Posted on Friday, March 8, 2024 at 10:00 am




A long standing issue in the Northern region of Marion County was brought to the Marion County Commissioner (MCC) board when Commissioner Chris Morrison asked the board to adopt the currently unmaintained public road officially named Brow Trail Road.

Commissioner Morrison provided background information on discussions that began over a year ago regarding updates needed for Brow Trail Road. He also highlighted that the road is commonly called Big Fort Road, which it also merges into, but that the official name is Brow Trail Road.

These two named roads currently serve as an extension, connecting to Suck Creek Road and US 127 in Sequatchie County. He mentioned that Attorney William Gouger Jr. has been actively involved, working in coordination with him to contact multiple property owners along Brow Trail Road, who are dispersed across the US.

Additionally, he explained that Suck Creek Road sees significant traffic, with an estimated 3,000 to 5,000 vehicles traveling on it daily. This road serves as a crucial link for the northern parts of Marion County and southern parts of Sequatchie and Grundy County where the borders meet. Furthermore, he emphasized that Suck Creek Road has been in use for over 100 years, highlighting its longstanding importance in connecting all three counties.

The commissioner described several resolutions sent to the Tennessee Department of Transportation (TDOT) for assistance, with fellow commissioners aiding in passing several resolutions. Such resolutions pertained to issues concerning trees, turning lanes, and shoulder work. Commissioner Morrison noted that, in general, no more than one month elapses before the road requires closure for maintenance due to its significant use. He highlighted a recent closure resulting from a fatality incident. Along this stretch of road, residents between the connections have only one route in or out of the area. Consequently, when Suck Creek Road is closed, it poses a liability, cutting them off and leaving them stranded. He recounted other significant closures in the 1980s due to flooding, which lasted for several months and created considerable hardship for residents. Detours during these closures could range from 12 to 30 miles, depending on the starting location and intended destination.
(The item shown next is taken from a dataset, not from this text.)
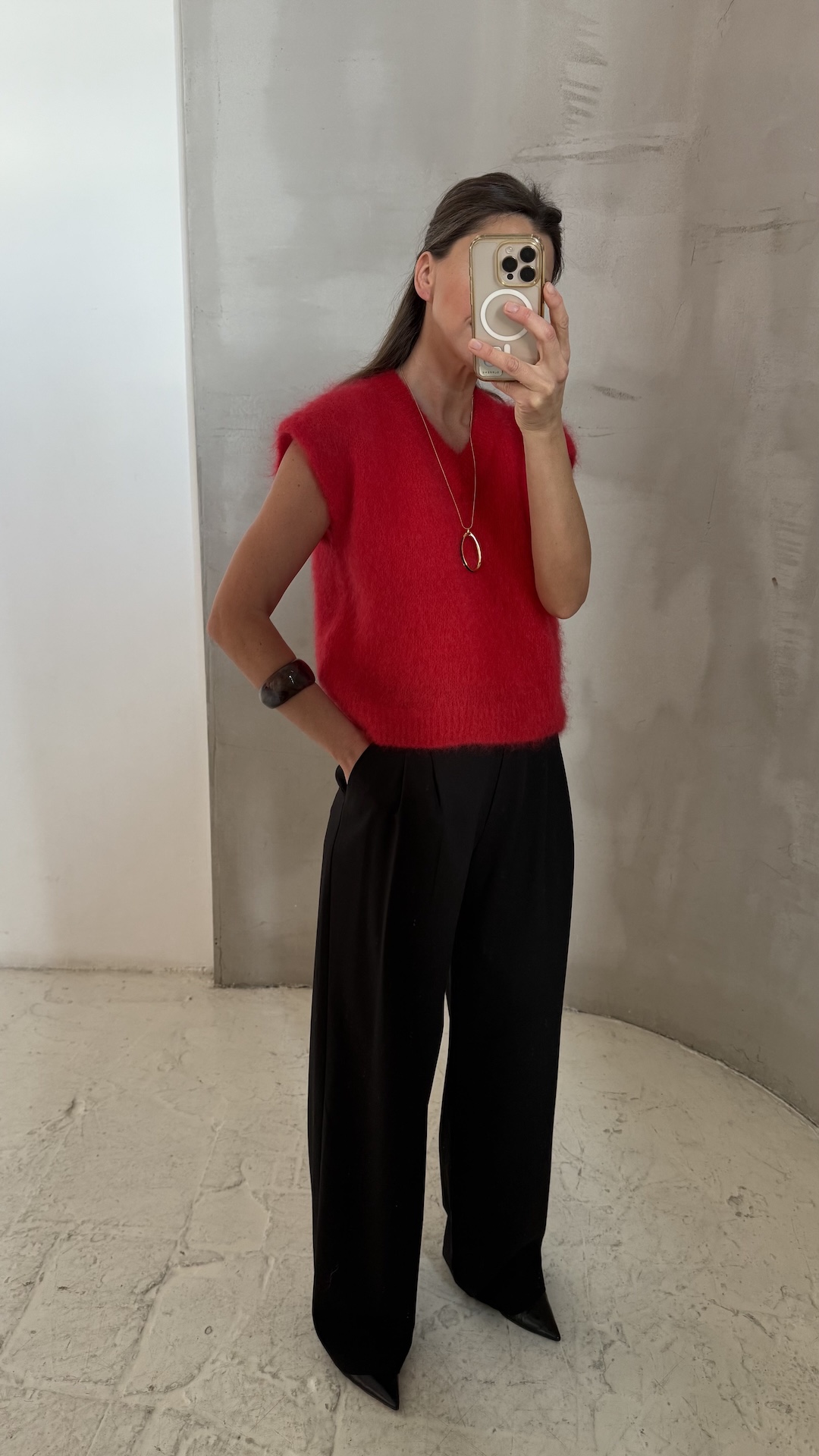 Брюки с умеренными защипами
He emphasized that currently, there is no alternative route available, depriving them of emergency services.

A 1.7-mile stretch of the public, unmaintained Brow Trail Road lies within Marion County, Commissioner Morrison highlighted, stressing his primary concern for the residents’ well-being. He emphasized that his request was not solely based on developmental purposes or property values. He proposed starting by adopting the public road as a county road, aiming to provide future options for action. Additionally, he suggested renaming the stretch to Big Fort Road to streamline its identification and alleviate potential confusion. He concluded by urging the commissioner board to adopt the public road as a county road and to approve the name change, emphasizing the long-term benefits for the county.

Commissioner Donald Blansett motioned to approve the request, which was seconded by Commissioner Morrison, prompting several other commissioners to request time for follow-up questions.
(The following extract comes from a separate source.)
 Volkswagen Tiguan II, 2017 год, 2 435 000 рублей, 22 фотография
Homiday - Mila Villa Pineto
Commissioner Jimmy Cantrell expressed a desire to hear from Corey Pickett, Superintendent of the Marion County Highway Department. Pickett addressed the board and informed Commissioner Morrison that the road would need to meet several specifications.


  • Must be two-tenths of a mile long
  • Two permanent separate occupied dwellings along the road
  • At least one occupant residing in the residence must be requesting the change
  • Must have 50 feet of right of way leading into Marion County
  • Must have proper drainage lines and styles
  • Must have 18 feet wide driver brace with minimum four inch depth


Commissioner Morrison highlighted that the board could not improve the road to meet any standards without first claiming ownership of it. He also emphasized that the road would not naturally evolve to meet the required specifications on its own and would require the board to improve it.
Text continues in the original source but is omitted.